Im noblen Nachtklub „Soho Rooms“ in Moskau stand eine Party kürzlich unter dem dekadenten, aber sinnfälligen Motto: „Das ist das Ende der Welt.“ Könnte sein, dass die Party für die Superreichen in Russland, die sogenannten Oligarchen, tatsächlich vorbei ist.

Moskau. Die Börse in Moskau ist im freien Fall, der Kreml kämpft um die Unterstützung des Rubels und Experten rechnen mit einer Welle von Unternehmenspleiten. Die russische Leitbörse RTS (Russian Trade System) hat am Freitag bereits den Aktienhandel bis Dienstag, 28. Oktober, ausgesetzt. Grund dafür sei der starke Verfall beim RTS-Index von mehr als zehn Prozent, "Die Glocke läutet schon", sagt der Milliardär Alexander Lebedew.

Die russischen Oligarchen sind bekannt dafür, dass sie ihren Reichtum auch gerne zeigen. Dies geschieht vor allem in Moskau. So gehören zum Beispiel die Immobilienpreise in der Ostoschenka-Straße zu den höchsten der Welt. Die Zahl der russischen Milliardäre stieg innerhalb eines Jahres um rund ein Drittel von 53 im Jahr 2007 auf 71 in diesem Jahr, die das "Forbes"-Magazin ermittelte. Die meisten haben ihr Geld mit Rohstoffen gemacht, mit Öl, Stahl und Bergbau, die in Zeiten einfacher Kredite und großer Nachfrage florierten.

Aber alles deutet darauf hin, dass jetzt der große Kater folgt.
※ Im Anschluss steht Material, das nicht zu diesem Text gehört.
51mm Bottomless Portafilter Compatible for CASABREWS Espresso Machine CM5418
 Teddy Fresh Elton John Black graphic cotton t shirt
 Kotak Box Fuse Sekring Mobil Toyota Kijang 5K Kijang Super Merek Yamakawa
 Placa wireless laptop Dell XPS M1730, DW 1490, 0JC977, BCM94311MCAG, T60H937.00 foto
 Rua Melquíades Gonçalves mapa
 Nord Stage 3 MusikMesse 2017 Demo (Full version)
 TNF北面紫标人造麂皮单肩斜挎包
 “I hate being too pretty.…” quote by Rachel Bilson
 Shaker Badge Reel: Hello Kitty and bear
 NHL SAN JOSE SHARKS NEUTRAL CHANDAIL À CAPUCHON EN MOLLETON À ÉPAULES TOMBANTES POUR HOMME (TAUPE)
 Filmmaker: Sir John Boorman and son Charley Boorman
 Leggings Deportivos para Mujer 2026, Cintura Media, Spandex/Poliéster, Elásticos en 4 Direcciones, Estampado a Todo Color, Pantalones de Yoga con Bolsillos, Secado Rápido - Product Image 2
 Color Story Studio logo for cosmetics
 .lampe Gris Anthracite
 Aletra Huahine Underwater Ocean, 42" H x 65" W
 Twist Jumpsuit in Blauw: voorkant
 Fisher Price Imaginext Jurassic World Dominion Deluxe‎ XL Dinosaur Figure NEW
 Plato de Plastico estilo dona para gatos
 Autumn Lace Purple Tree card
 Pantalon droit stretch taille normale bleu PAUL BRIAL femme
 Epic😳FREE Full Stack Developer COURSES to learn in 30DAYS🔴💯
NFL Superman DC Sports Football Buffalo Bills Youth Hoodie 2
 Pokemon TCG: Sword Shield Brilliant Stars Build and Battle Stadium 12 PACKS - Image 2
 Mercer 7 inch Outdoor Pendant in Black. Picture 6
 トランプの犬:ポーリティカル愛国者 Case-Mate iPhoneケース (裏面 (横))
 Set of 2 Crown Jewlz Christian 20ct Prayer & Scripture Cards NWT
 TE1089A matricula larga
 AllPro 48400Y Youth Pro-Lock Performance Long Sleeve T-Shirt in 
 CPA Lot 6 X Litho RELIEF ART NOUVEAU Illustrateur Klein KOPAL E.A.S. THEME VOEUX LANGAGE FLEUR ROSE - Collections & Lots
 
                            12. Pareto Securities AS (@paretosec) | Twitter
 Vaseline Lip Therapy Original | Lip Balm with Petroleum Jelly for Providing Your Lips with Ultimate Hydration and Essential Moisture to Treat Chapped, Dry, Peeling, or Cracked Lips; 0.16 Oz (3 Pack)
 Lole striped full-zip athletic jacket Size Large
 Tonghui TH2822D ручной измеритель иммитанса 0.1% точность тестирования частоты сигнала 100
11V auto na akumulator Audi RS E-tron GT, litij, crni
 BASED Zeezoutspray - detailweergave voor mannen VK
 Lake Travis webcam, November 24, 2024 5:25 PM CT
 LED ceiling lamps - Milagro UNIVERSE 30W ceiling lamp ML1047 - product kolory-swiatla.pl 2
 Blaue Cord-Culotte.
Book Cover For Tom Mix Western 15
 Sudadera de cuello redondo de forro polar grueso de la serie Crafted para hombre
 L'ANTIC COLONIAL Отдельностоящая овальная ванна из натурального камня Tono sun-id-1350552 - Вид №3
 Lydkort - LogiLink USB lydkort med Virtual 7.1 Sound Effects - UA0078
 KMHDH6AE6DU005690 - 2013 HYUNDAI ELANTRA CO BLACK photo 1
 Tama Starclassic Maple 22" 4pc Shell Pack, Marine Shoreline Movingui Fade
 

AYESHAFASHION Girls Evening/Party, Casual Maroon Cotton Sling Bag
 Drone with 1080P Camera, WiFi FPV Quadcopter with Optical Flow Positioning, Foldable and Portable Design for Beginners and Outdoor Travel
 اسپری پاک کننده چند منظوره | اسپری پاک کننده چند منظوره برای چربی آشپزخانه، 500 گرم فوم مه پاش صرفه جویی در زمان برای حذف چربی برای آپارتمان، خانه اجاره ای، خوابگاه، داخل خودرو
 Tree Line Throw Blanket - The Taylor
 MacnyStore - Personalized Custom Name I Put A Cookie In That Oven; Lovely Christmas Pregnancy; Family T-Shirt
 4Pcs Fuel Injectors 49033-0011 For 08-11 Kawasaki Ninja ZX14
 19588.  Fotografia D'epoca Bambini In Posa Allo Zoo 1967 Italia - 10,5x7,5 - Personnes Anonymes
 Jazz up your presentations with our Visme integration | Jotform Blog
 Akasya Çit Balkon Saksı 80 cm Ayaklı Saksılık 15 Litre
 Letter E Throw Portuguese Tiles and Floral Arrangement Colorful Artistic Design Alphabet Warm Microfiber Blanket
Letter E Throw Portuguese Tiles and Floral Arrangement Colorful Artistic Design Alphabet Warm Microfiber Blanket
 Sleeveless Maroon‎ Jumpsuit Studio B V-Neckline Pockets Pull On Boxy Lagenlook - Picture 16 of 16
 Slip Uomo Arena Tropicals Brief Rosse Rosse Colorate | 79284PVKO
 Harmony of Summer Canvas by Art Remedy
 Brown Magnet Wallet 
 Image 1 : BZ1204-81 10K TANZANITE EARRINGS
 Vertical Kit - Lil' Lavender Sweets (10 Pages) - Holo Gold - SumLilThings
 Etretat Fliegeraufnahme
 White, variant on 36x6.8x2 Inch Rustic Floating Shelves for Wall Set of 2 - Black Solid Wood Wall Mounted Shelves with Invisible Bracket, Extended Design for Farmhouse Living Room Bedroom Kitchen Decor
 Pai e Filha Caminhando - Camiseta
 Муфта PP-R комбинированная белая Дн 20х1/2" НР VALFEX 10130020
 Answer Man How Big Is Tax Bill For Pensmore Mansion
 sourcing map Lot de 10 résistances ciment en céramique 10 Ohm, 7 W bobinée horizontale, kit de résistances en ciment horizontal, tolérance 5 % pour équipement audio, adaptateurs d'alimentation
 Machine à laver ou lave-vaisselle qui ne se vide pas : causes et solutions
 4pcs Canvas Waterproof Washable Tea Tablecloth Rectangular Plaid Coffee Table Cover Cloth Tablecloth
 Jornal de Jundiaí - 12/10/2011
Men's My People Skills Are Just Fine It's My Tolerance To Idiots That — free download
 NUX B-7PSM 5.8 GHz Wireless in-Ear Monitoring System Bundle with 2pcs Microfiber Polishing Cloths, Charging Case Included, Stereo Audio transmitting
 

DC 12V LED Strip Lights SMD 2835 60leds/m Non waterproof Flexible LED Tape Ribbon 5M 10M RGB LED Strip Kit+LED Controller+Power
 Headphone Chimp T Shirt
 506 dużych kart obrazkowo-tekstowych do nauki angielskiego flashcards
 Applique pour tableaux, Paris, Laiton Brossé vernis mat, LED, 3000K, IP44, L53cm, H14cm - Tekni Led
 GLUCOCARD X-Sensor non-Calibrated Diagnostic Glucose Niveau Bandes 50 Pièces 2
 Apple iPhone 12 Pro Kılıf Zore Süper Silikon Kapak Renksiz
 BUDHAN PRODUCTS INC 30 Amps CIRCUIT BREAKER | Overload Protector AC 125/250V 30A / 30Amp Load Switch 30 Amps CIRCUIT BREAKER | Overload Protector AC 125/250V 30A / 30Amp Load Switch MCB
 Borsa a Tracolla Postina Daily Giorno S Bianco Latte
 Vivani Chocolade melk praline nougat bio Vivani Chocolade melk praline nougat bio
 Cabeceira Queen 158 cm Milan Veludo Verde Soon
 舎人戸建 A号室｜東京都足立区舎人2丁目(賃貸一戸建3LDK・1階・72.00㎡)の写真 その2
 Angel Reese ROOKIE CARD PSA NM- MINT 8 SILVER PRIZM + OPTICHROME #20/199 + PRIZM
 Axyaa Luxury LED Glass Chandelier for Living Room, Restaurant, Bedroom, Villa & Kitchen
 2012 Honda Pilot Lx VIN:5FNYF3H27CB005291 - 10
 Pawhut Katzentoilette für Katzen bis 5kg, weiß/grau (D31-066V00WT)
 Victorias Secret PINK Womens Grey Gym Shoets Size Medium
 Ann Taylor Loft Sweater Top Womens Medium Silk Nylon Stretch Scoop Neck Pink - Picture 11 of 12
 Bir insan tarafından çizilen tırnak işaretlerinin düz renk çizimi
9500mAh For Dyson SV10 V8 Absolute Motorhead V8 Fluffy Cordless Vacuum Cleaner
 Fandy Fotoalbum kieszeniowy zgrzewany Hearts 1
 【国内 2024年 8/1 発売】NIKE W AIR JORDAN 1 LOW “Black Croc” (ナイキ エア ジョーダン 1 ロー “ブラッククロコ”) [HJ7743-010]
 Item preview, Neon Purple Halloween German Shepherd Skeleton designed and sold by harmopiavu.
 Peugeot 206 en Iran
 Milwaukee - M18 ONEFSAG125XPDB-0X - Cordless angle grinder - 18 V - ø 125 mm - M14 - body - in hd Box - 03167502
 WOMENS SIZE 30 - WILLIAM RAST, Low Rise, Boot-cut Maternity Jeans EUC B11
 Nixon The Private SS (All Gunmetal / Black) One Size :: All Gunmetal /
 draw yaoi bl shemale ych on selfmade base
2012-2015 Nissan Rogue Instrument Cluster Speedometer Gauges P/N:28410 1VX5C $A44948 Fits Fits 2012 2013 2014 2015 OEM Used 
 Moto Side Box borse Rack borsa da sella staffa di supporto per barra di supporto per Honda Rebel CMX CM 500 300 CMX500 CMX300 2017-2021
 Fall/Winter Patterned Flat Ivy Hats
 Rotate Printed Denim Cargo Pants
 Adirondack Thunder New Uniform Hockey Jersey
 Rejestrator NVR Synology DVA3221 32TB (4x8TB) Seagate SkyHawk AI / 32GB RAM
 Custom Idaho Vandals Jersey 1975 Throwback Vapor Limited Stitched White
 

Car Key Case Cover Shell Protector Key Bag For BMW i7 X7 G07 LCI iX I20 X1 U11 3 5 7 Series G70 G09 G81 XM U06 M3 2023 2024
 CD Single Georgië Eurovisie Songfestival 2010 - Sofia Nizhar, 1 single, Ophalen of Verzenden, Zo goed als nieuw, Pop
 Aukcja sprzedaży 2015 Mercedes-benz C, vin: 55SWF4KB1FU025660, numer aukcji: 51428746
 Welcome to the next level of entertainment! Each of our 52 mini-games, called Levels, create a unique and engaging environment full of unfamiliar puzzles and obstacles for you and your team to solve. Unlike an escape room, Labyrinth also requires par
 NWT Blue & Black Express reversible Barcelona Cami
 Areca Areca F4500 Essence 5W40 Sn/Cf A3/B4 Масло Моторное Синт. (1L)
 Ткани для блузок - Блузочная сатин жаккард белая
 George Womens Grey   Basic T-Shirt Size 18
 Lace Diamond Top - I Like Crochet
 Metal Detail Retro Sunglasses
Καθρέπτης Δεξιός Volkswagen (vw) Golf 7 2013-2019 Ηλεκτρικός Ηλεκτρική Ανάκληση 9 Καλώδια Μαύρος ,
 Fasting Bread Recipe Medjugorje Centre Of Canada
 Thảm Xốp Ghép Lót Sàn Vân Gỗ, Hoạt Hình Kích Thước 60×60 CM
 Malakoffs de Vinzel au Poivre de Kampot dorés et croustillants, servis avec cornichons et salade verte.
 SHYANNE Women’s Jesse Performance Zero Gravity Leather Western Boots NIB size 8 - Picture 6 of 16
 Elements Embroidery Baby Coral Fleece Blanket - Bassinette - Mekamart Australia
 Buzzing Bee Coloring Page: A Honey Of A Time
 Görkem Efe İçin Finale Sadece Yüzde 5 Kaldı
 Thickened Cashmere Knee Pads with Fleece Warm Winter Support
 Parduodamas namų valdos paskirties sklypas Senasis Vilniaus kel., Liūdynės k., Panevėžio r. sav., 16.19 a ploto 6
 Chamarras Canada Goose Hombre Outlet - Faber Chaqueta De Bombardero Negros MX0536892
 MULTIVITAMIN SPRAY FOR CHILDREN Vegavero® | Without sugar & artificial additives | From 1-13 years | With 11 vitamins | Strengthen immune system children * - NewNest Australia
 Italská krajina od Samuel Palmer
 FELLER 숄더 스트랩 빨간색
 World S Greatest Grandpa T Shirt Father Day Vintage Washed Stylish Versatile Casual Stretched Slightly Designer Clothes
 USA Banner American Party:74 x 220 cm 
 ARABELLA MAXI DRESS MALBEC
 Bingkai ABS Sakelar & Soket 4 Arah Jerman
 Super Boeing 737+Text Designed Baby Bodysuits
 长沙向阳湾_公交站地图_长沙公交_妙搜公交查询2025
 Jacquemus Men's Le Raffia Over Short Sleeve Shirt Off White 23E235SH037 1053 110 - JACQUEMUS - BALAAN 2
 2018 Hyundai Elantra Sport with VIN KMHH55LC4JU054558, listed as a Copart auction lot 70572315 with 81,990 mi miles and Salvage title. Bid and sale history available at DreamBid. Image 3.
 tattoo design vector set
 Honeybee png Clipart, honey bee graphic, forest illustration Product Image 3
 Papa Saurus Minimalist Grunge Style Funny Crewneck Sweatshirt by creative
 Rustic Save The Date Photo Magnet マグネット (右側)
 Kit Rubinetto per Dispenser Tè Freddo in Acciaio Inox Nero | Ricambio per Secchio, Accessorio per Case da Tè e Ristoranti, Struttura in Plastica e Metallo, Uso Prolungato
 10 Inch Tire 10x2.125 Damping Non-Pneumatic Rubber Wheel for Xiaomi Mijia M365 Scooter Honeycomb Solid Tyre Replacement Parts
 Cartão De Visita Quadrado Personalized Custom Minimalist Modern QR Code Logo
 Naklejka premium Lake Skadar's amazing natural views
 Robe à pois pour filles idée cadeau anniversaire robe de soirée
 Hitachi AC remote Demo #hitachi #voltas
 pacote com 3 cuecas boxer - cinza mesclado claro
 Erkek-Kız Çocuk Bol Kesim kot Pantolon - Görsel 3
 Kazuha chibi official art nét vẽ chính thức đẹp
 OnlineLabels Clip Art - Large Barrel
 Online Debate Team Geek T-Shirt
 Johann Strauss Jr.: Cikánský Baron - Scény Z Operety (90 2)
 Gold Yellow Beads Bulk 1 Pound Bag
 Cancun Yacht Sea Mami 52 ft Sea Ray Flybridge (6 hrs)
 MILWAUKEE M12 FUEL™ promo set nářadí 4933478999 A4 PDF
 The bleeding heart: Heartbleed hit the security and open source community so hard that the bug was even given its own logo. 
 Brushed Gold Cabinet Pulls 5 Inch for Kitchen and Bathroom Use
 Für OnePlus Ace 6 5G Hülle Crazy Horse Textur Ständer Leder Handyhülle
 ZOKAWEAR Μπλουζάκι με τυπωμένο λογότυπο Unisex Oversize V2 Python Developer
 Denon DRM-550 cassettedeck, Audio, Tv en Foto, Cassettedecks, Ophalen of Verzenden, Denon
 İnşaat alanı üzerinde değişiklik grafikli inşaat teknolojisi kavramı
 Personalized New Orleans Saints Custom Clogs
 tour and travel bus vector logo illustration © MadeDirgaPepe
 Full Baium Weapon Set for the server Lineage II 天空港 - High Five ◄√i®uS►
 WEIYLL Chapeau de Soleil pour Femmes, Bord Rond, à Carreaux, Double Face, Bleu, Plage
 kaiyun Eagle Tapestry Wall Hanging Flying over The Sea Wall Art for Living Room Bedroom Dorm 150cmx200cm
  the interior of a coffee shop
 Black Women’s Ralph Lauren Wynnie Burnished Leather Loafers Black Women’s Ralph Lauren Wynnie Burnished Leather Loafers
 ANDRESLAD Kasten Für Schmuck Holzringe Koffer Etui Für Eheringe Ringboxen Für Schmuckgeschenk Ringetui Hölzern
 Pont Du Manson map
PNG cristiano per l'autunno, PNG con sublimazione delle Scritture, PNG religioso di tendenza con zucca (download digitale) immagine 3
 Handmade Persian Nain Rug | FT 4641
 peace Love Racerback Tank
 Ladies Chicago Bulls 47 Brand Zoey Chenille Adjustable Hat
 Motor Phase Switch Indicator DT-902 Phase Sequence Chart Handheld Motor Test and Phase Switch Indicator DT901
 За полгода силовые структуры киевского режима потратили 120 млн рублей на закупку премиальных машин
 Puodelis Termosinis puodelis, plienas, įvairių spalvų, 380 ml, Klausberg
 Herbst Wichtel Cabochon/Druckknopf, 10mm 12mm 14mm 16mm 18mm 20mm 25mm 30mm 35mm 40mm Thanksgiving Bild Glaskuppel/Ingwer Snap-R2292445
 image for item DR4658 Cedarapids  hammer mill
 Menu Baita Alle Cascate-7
Russland nimmt täglich 400 Millionen Dollar (314 Millionen Euro) weniger ein durch Öl und Gas als noch Anfang Juli. Einige Unternehmen haben innerhalb kürzester Zeit bis zu 75 Prozents ihres Wertes eingebüßt. Wer wie der Aluminium-König Oleg Deripaska Beteiligungen an anderen Unternehmen wie Strabag und Hochtief über Kredite gekauft hat ist nun gezwungen, diese wieder abzustoßen.

Die exklusiven Nachtklubs, in denen ein Tisch schon mal einige zehntausend Dollar kosten kann, stehen nun vor harten Zeiten. Die Bars sind spärlicher besucht, die VIP-Bereiche leer. Auch in Clubs wie "Soho Rooms" und "Most" finden sich deutlich weniger Leute ein als früher.

Lebedew, der mit seinen 3,1 Milliarden Dollar in der "Forbes"-Liste auf Platz 358 landete, bleibt aber bemerkenswert kühl in der Krise. Dabei haben die fallenden Aktienkurse den Banker, der auch an Aeroflot beteiligt ist, schon rund zwei Drittel seines Vermögens gekostet. "Ich hoffe nur, dass diese Krise eine kalte Dusche für die ganze Hitzköpfe ist", sagt der 49-Jährige in seinem Moskauer Büro.

Er hoffe, dass wieder Vernunft einkehre in einer Stadt, wo eine Tasse Kaffee umgerechnet knapp 8 Euro, ein Glas schlechten Weins in einem guten Restaurant 11 Euro und eine Fünf-Zimmer-Wohnung in einem zentral gelegenen Stadtviertel 7.800 Euro im Monat kosten könne. Und das alles in einem Land, in dem das durchschnittliche Monatseinkommen bei rund 550 Euro liegt, erklärt Lebedew. "Wenn irgendjemand sich keinen Bentley mehr leisten kann oder ein Regierungsbürokrat sein Gulfstream-Jet für 50 Millionen Dollar verkaufen muss dann ist das etwas Gutes."

Für die wirklich Reichen sei die Krise bislang aber noch kein Grund zur Sorge, sagt Nikolai Uskow von der russischen Ausgabe des Magazins "GQ". "Die reichsten Russen kaufen weiter in großem Stil, sie können damit einfach nicht aufhören. Ich glaube, ihnen sind selbst zu Krisenzeiten weitere 10.000 oder 20.000 Euro egal." Auch der Geschäftsmann Wladimir Piroschkow glaubt nicht daran, dass viele der Reichen ihren hedonistischen Lebensstil ändern werden. "Die Finanzinstitutionen werden betroffen sein", sagt Piroschkow in der Bar "Denis Simachewit" mit Bezug auf die Krise. "Aber die Leute kommen trotzdem hierher."